3. Application of V2G

The charging demand of EVs will increase the peak load of the power grid [25], and their large-scale uncoordinated charging will put enormous pressure on the power supply, thus affecting the safety and stability of the whole power system. To solve this problem, it is necessary to optimize the charging of large EVs [26]. From a technical point of view, the V2G scheme is an important transformation path [27]. In V2G, the aggregated power from a group of EVs can be used to support the grid by providing regulation services (to stabilize voltage and frequency) or reserve services (to meet sudden increases in demand or generator set outages).
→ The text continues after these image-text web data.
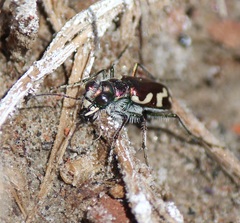 Cicindela fulgida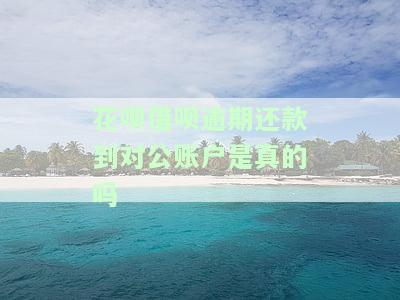 花呗借呗逾期还款到对公账户真的安全吗？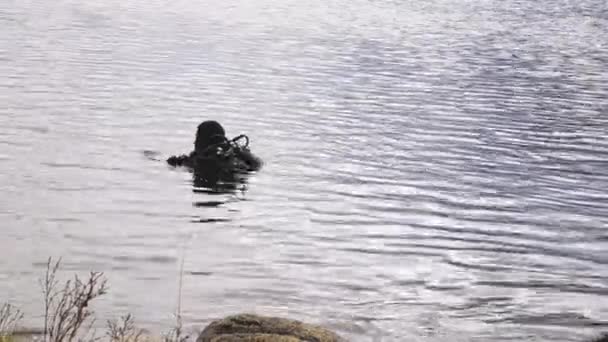 Buceador entra en el agua del lago de montaña. practicar técnicas para socorristas de emergencia. inmersión en agua fría — Vídeo de stock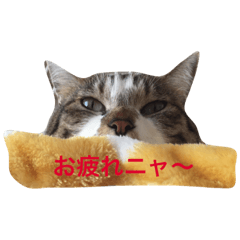 [LINEスタンプ] Nyan Nyansan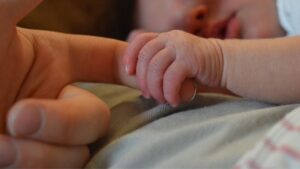 Yenidoğan Çetesi’nin iki numarası için ‘hücresine urgan bıraktılar’ diyen avukatına soruşturma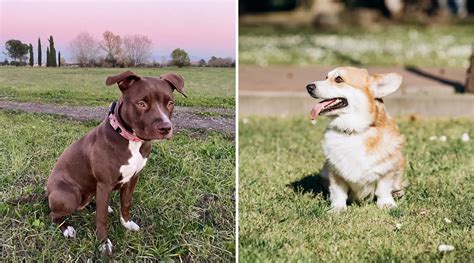 What is a Corgi Pitbull Mix? The Complete Corgi Pit Guide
V2G modes can be divided into bidirectional V2G and unidirectional V2G. Bidirectional V2G means that while conventional charging piles supply power to the car, the EV power battery is also regarded as a decentralized energy storage unit of the power system. Reasonable utilization of EVs’ battery energy to achieve reverse power supply will alleviate the load shock of the grid. Thus, the EV is not only a movable load, but also a distributed energy source. This mode can be used to provide services such as frequency regulation or peak shaving of power grids [12]. However, due to technical and cost problems, it has not been possible to promote it on a large scale for the time being.

Unidirectional V2G is used to guide EVs to coordinated charging by cooperating with the grid operation rules. There are no reserve services. What’s more, the unidirectional V2G services can help consume the abundant renewable energy sources, such as solar and wind energy, by the coordinated charging strategy [28]. Unidirectional V2G can reduce power consumption during peak hours, improve power utilization during valley hours, and alleviate the impact of random charging demand on the grid [5]. Although the unidirectional V2G services still face some obstacles, solutions have been in process. Additionally, unidirectional V2G would build a solid foundation to implement bidirectional V2G in the future [28].